Hello Prefect, I'm getting an error `TypeError: c...
# ask-community
d
Hello Prefect, I'm getting an error
TypeError: cannot pickle '_thread.lock' object
(I'll paste full error code in the comments) and I'm out of ideas how to properly solve it. It is related with
DaskExecutor
and it appears when trying to proceed this task(I'll upload code sample in the comments): 1. Read file content from a yml file which is located in the S3 storage.
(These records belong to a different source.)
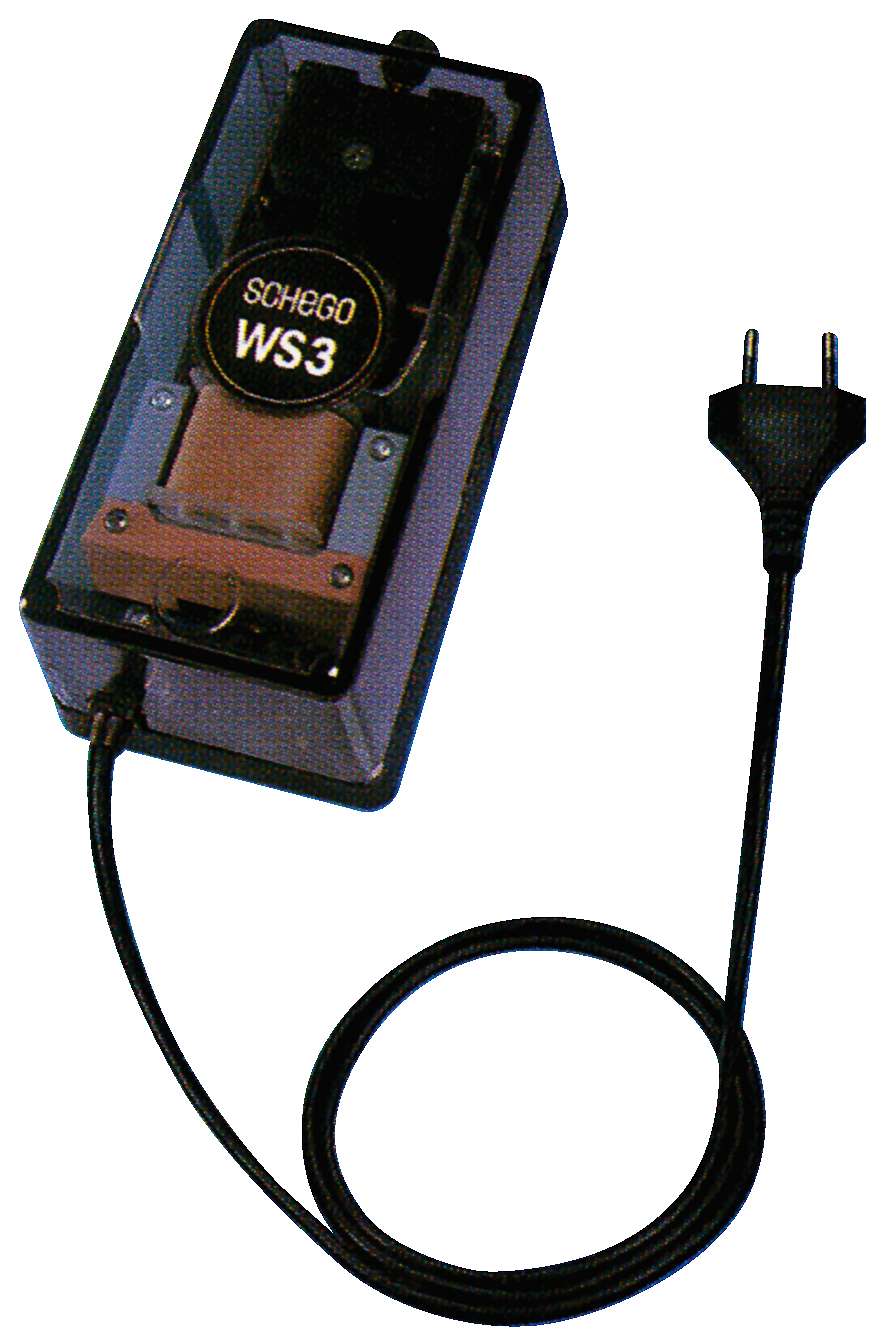 Schego Pumpe für Blasensäule – 220 V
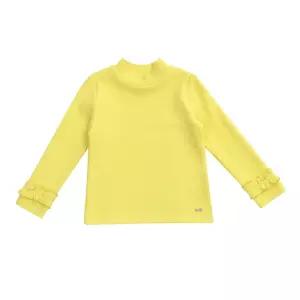 [AK분당점] [티파니] 라임 기모 골지티 T26KBT070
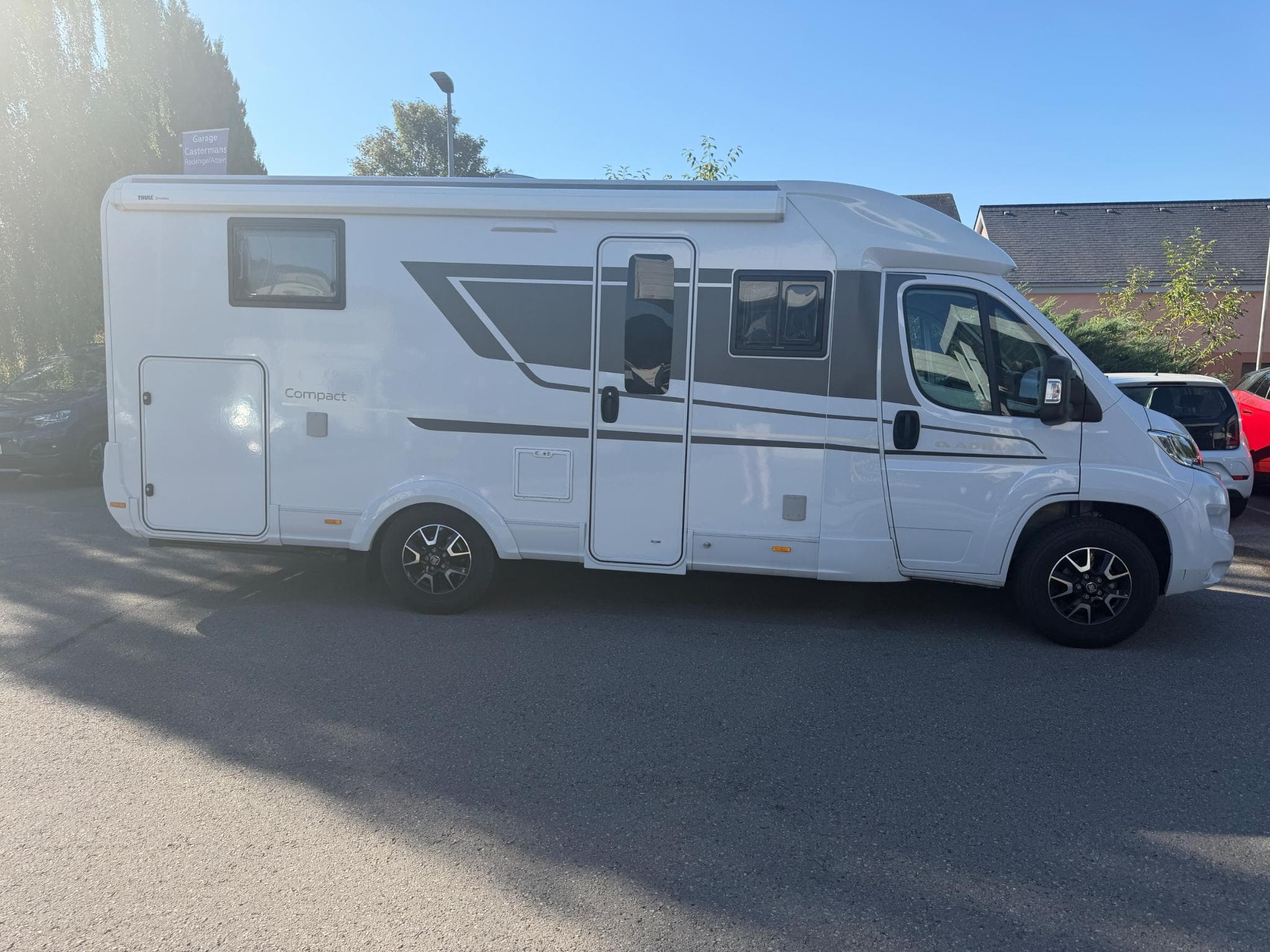 Adria Compact DL 140 PS BM6 (2025) - Photo 3
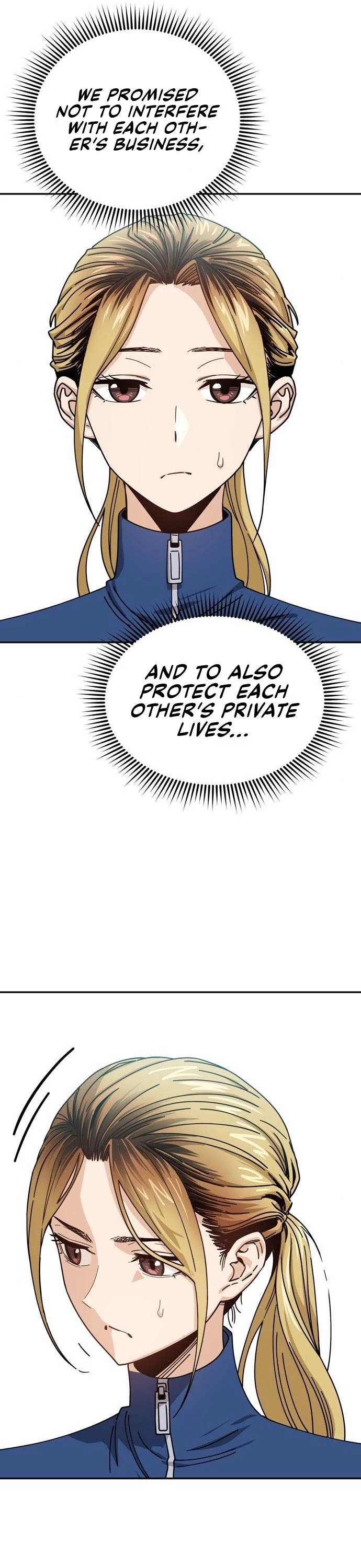 Maybe Meant to Be - Chapter 21 Page 55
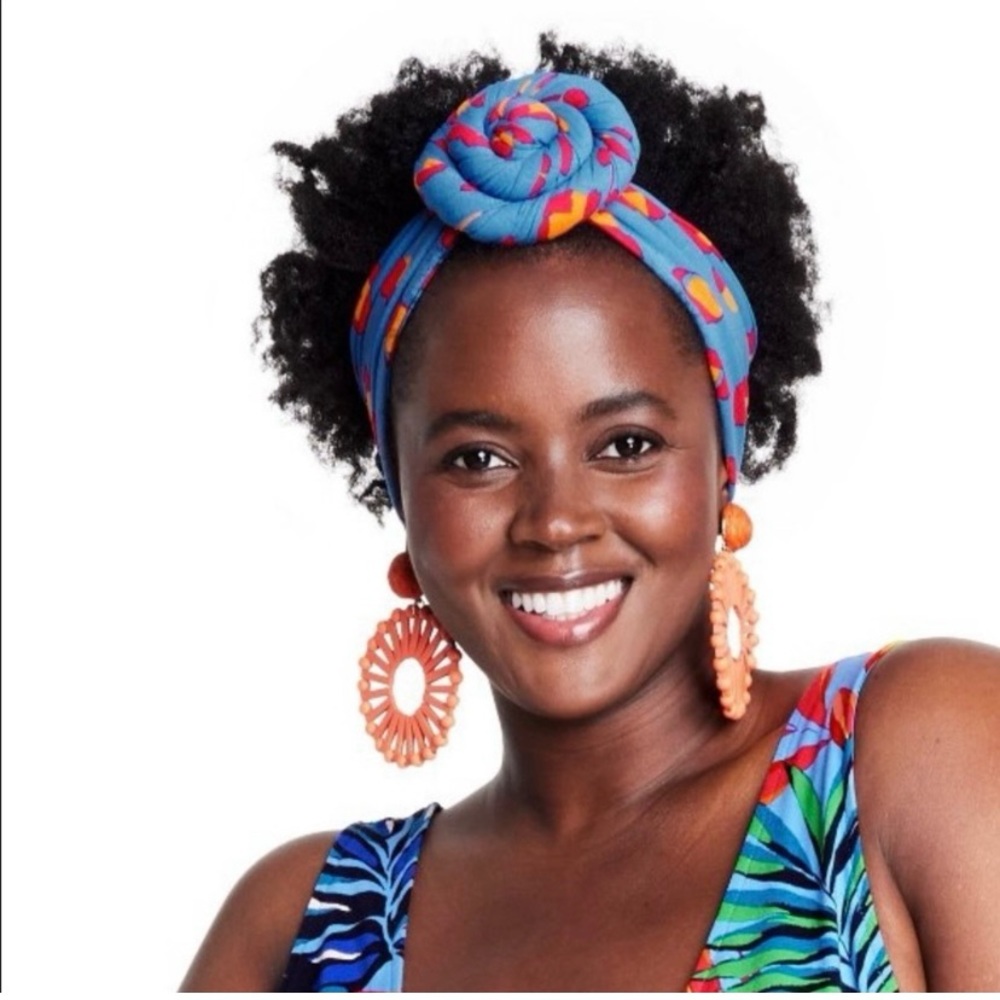 Tabitha Brown x Target Leopard Print Headband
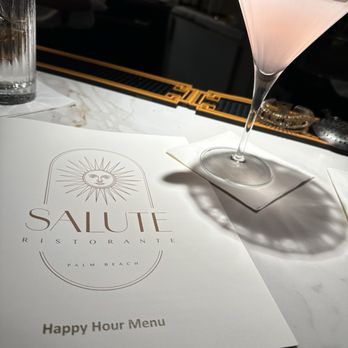 Salute Ristorante Palm Beach - Best Cosmopolitan I've ever had! - Italian Near Me - Palm Beach, Florida Salute Ristorante Palm Beach - Best Cosmopolitan I've ever had! - Italian Near Me - Palm Beach, Florida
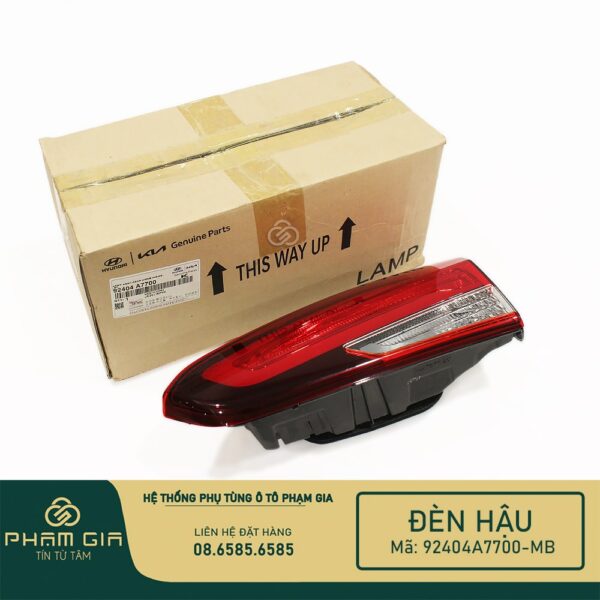 DEN HAU 92404A7700-MB
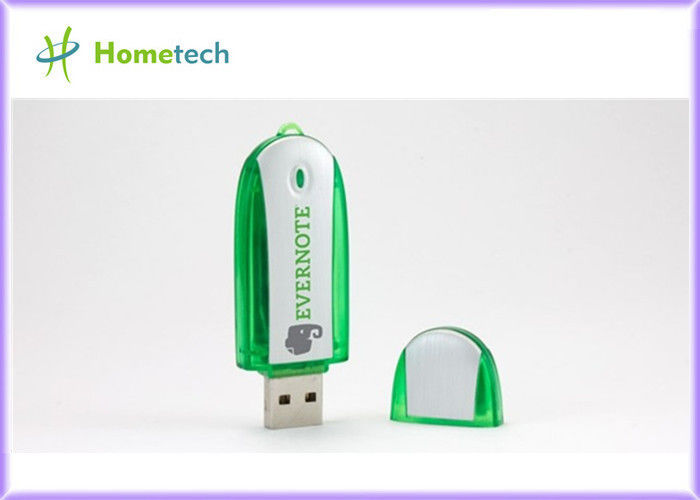 학교, 사무실을 위한 녹색 1GB 32GB 섬광 드라이브 펜 USB 3.0 USB 섬광 드라이브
For file reading I'm using raw
boto3
implementation. 2. Read bytes from the downloded yml file 3. Load yml file and convert it into list Does anyone knows a solution to this problem?
Code sample:
Copy code
@task
def read_tables_yaml(file_name: str) -> List[Dict[Any, Any]]:
    s3_object = s3_client.get_object(Bucket="bucket_name", Key=f"yml/{file_name}.yml")["Body"]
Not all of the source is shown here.